I'm ready to move from Portland, Ore., to Little Rock, Ark.
Yeah, I said it. And why wouldn't I? Now this isn't due to some spectacular queer scene (more on that later), the scent (just like fried chicken) or the way the sun sets there (amber waves of wow). No, for me, it goes deeper: I want to move to Little Rock because it still has the thing I fear that gays on the front lines of Portland's queerest issues are beginning to lose: hope.
Just last week I traveled to Little Rock, population 183,000 (about one-third Portland's size), for a convention of alternative newsweeklies. I'd dreaded going to this Southern "red state" that, truthfully, I'd never given a rat's ass about. I knew next to nothing about Arkansas' state capital, except that Bill Clinton had built a museum there that looked like a double-wide trailer.
Now, there were ample examples of the Southern discomfort I expected to encounter: "Raise the Praise" tourists raiding the one and only gift shop; Juneteenth teens in hoochie tops and baggy drawers shutting down the streets; an amendment, like Oregon's, that bans gay marriage. But I was surprised by what else I found—gay people who actually like living in Little Rock.
Take Jeffrey. He is like a Portlander in many ways. He works in a bookstore next to a coffeeshop. He and his partner, an organist for one of the city's mega-churches, had moved here from Sedona, Ariz. Not the type to go out to bars, they still have plenty of queer friends. What makes him different from "us" is his sanguine attitude about the place he now calls home. "Little Rock runs at a different speed," said the crisply dressed gent, the antithesis of the protoypical radical Port-queer. "Things are a lot slower here. It's just the way things are."
Jeffrey's words touched me in a weird way. The same thing happened when I went to a gay bar near the Peabody Hotel (the host hotel with those "world-famous" ducks). No, nobody "touched" me, but I was moved in another way. It was by the laid-back integration of cultures: black-white, gay-straight, young-old, all together on a late Friday night. It was this weird alt. universe where everyone got along (and knew the steps to hip-hop line dances).
I now believe you haven't really lived until you've set foot in a queer bar in Arkansas.
It shouldn't have come as a surprise that my feelings were translated into words by the "man from Hope": The convention's keynote speaker, Clinton looked handsome, if worn out. Maybe it was from all the talking—the ex-president talked for over an hour from just two pages of notes. Most of what he talked about—Darfur, energy consumption—buzzed right over my head. But what did stick with me was when he talked about making friends with his enemies. "We need to find ways to unify this country," Clinton said. Another speaker at the convention, Laura Dell, echoed that idea when she said we all need to "integrate, not separate" the way we look at things.
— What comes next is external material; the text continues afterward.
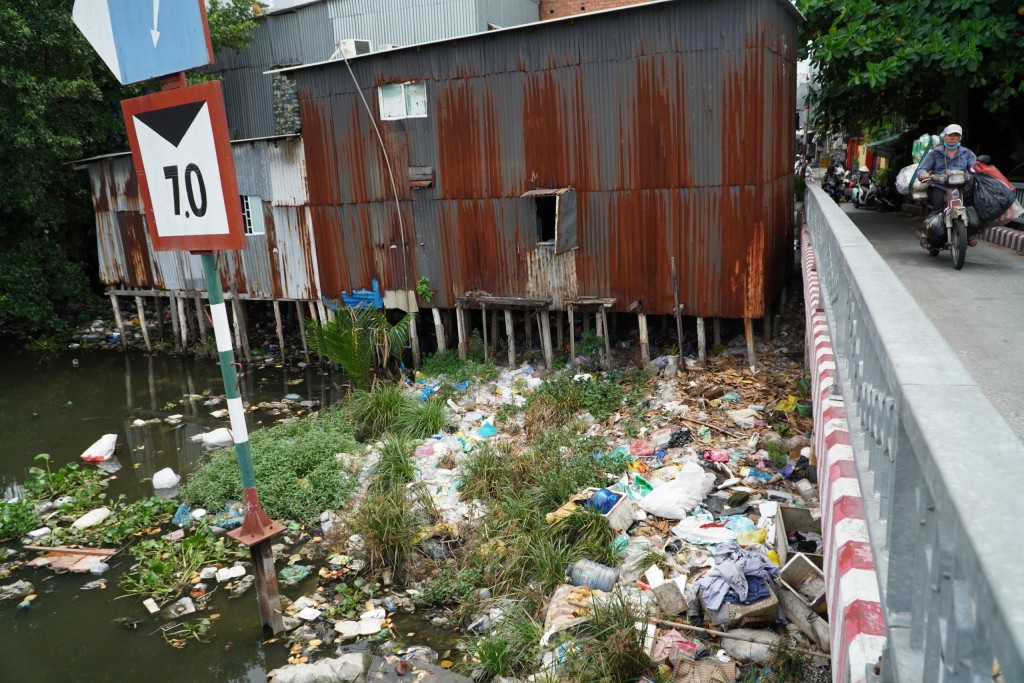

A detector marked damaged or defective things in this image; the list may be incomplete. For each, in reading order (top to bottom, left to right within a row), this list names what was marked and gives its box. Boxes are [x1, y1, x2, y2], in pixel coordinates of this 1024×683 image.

I saw prime examples of this style of respecting your fellow man, gay or not, all over Little Rock. I don't see that much in the pressure cooker that is Portland—especially in these queer-marriage-debate times.
In a sea of red, I found an island of blue that helped me realize I need to judge a city less by its accent and its differences, and more by the character of its people. Then I might actually find hope again. Rock on, Little Rock, and thanks for your hospitality.